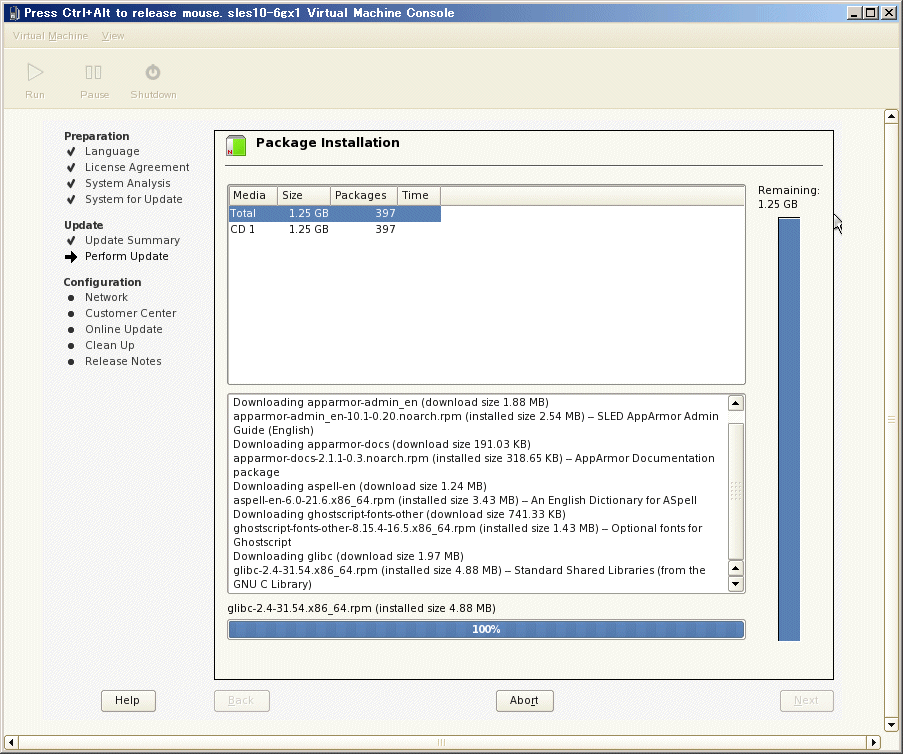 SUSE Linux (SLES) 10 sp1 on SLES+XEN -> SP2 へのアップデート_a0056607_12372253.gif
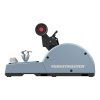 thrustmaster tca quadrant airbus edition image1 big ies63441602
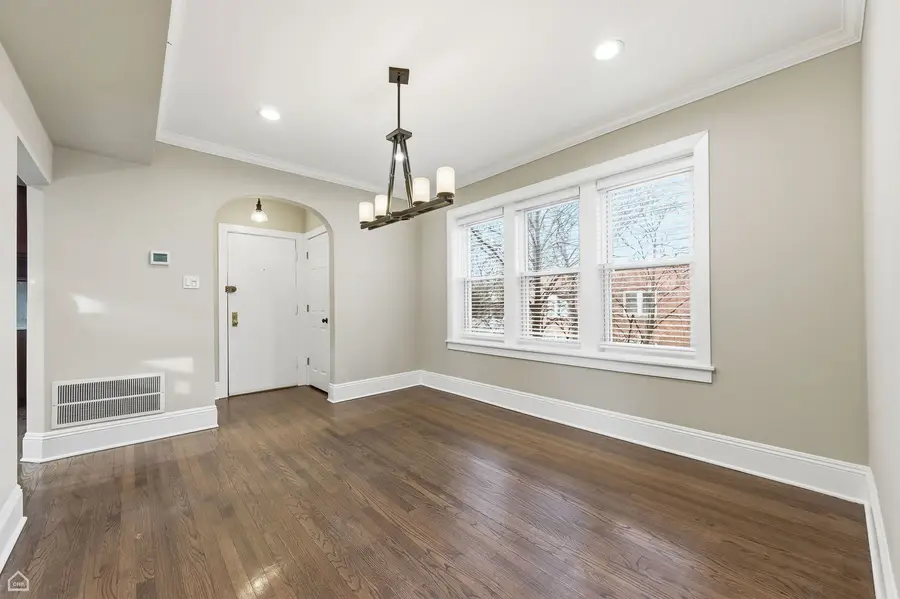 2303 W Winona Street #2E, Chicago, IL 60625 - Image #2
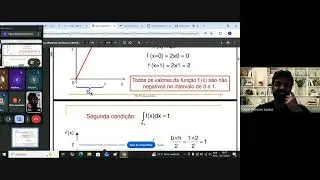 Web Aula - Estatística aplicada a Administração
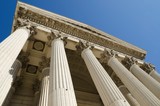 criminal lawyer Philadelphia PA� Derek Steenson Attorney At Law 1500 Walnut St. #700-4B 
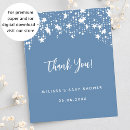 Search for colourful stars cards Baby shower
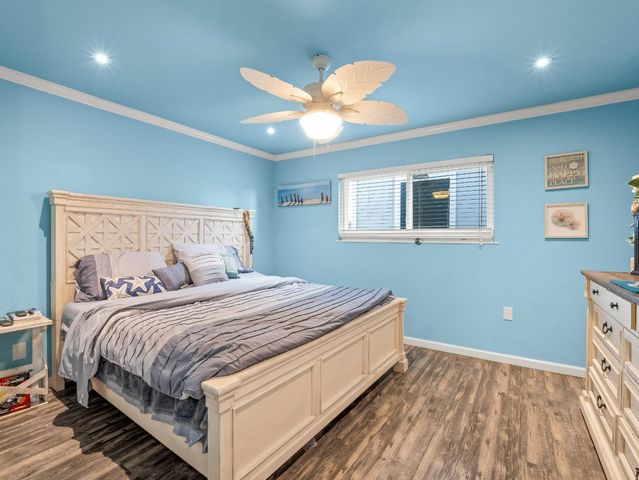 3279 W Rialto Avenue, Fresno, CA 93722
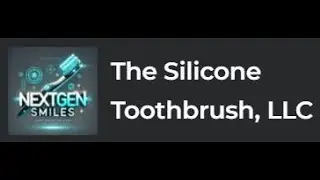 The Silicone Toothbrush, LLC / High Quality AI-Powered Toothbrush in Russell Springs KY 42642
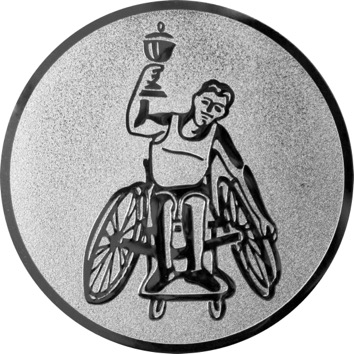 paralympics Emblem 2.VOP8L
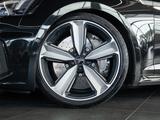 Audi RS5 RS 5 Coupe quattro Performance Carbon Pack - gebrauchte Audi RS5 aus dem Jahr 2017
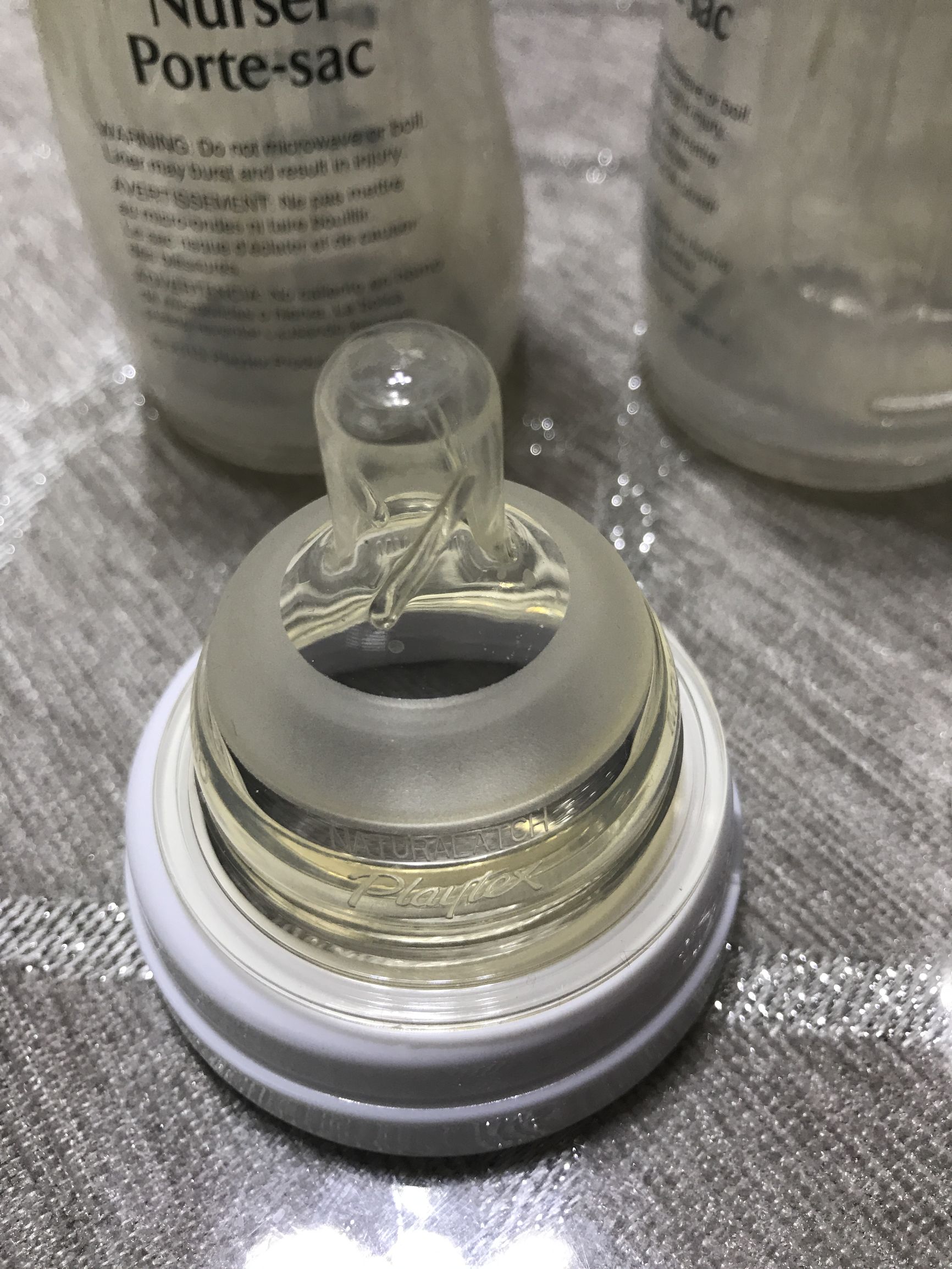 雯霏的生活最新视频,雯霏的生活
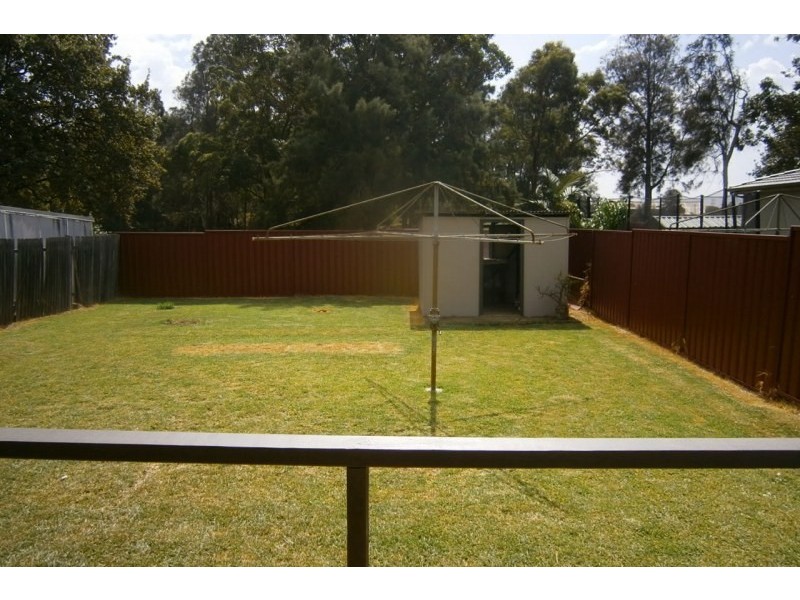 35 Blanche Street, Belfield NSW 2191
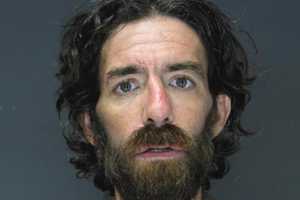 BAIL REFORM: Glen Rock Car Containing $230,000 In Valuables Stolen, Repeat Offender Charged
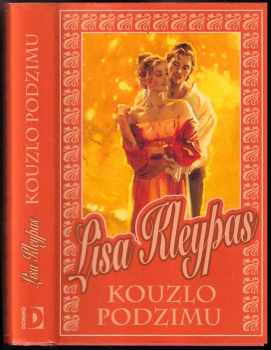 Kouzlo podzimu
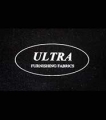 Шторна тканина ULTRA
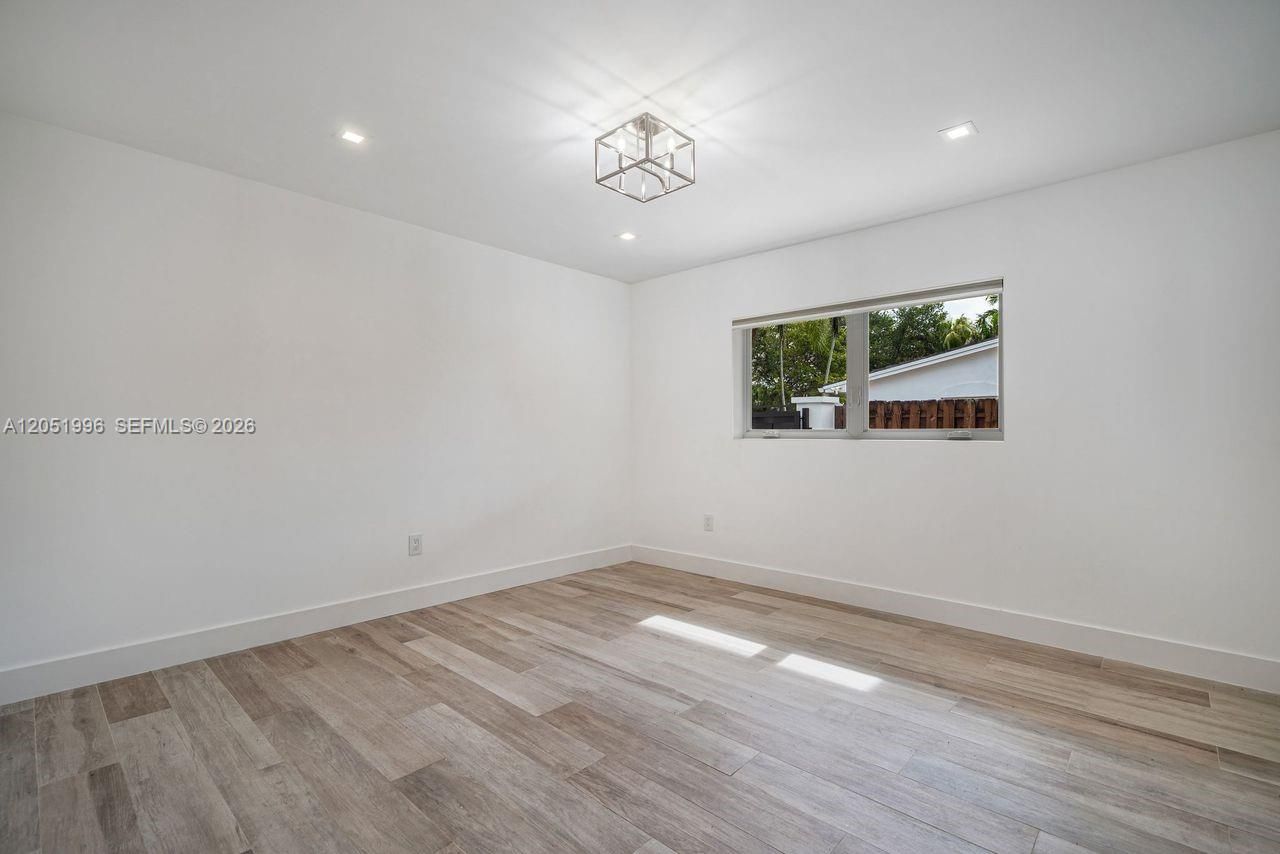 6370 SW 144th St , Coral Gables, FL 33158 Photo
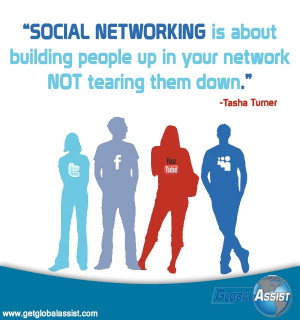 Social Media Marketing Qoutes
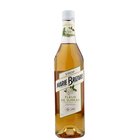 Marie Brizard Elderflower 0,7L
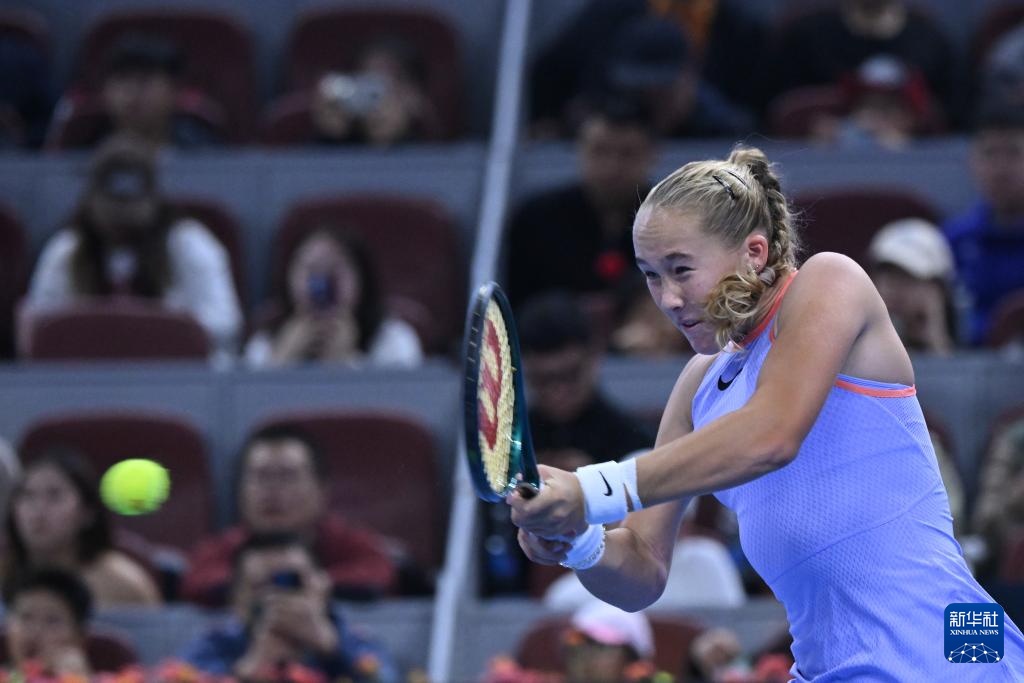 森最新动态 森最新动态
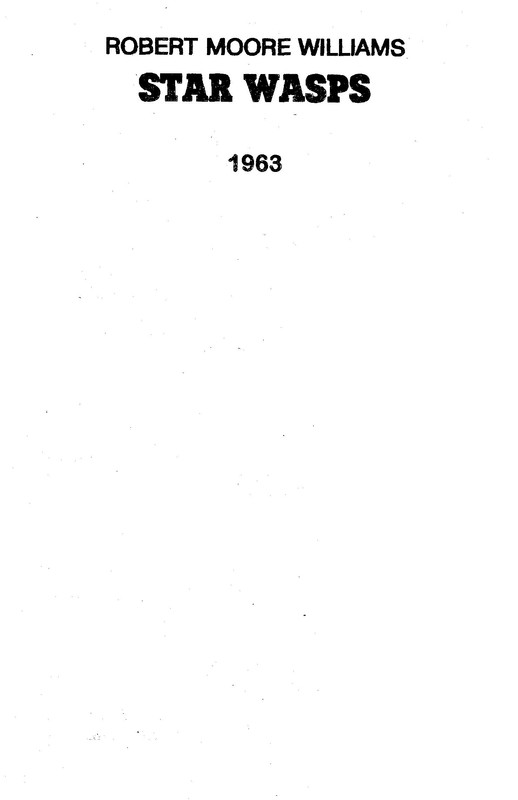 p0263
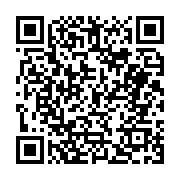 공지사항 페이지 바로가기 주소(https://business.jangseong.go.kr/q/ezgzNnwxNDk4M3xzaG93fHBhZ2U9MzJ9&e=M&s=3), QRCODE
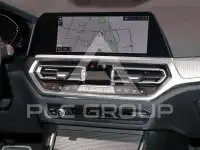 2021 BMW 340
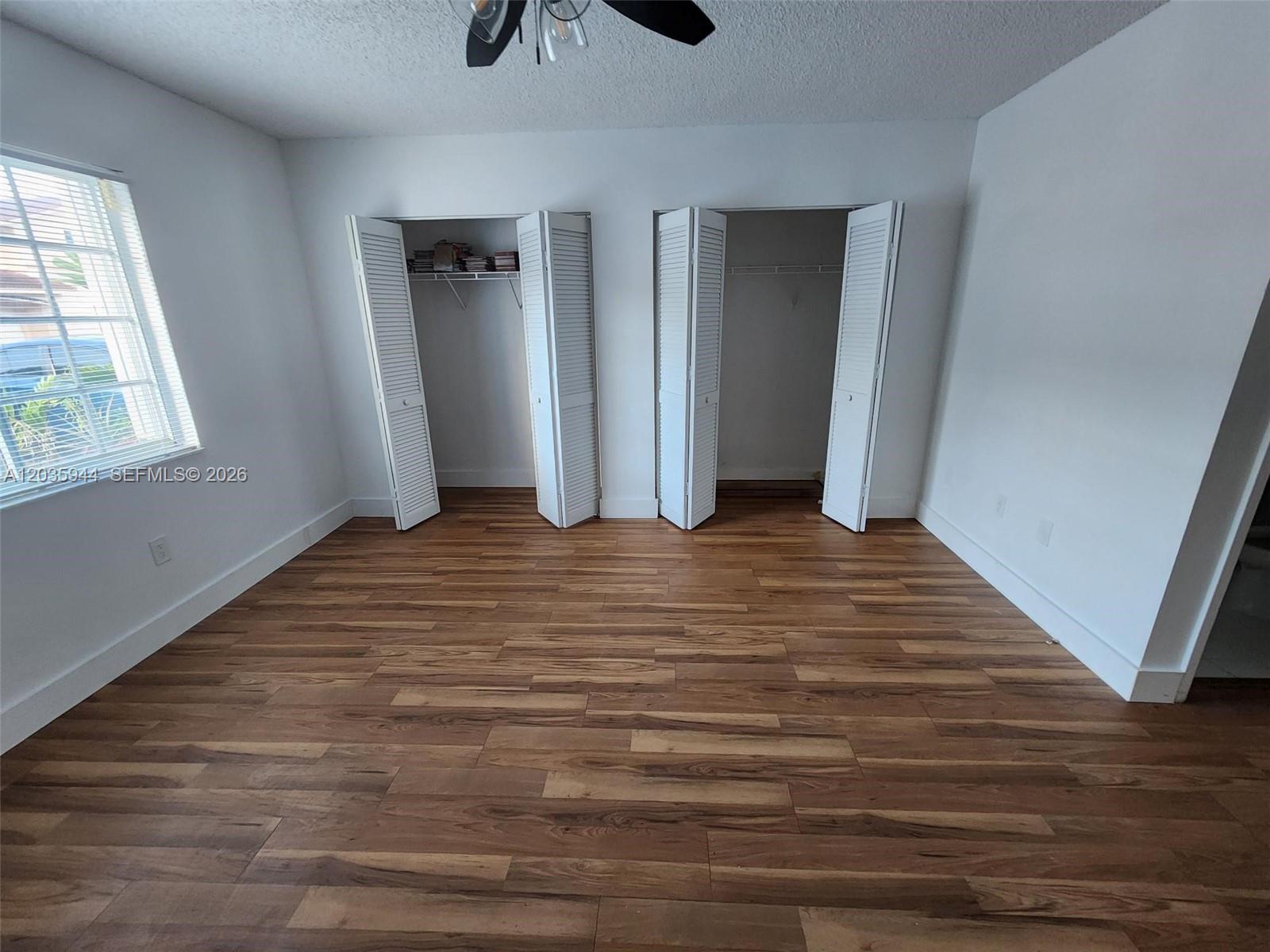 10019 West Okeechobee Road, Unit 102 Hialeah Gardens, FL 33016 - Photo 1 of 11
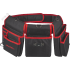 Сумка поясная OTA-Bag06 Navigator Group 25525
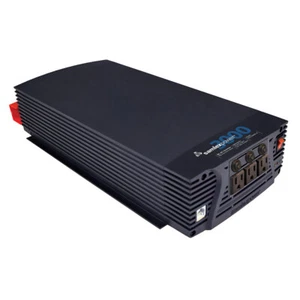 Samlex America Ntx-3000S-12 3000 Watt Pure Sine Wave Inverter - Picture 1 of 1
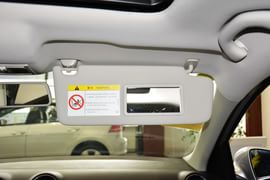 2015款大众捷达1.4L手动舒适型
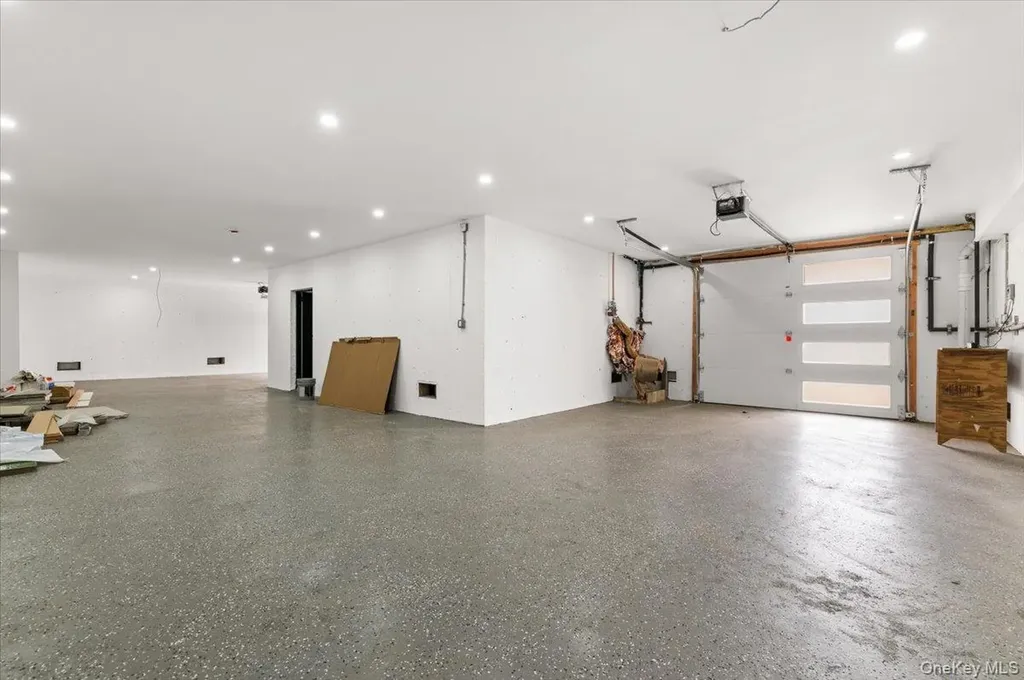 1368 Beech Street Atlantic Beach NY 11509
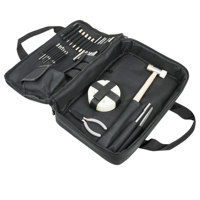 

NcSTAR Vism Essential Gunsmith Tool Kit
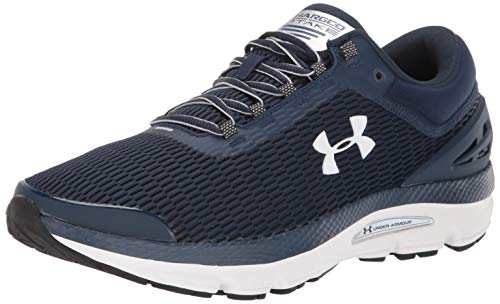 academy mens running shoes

──────────────────────────────

Activity: Your output must consist only of the lines from the line with "10019 West Okeechobee" through the final line of the data, both included, reproduced exactly and free of pictures.

Exercise response:
 10019 West Okeechobee Road, Unit 102 Hialeah Gardens, FL 33016 - Photo 1 of 11
 Сумка поясная OTA-Bag06 Navigator Group 25525
 Samlex America Ntx-3000S-12 3000 Watt Pure Sine Wave Inverter - Picture 1 of 1
 2015款大众捷达1.4L手动舒适型
 1368 Beech Street Atlantic Beach NY 11509

NcSTAR Vism Essential Gunsmith Tool Kit
 academy mens running shoes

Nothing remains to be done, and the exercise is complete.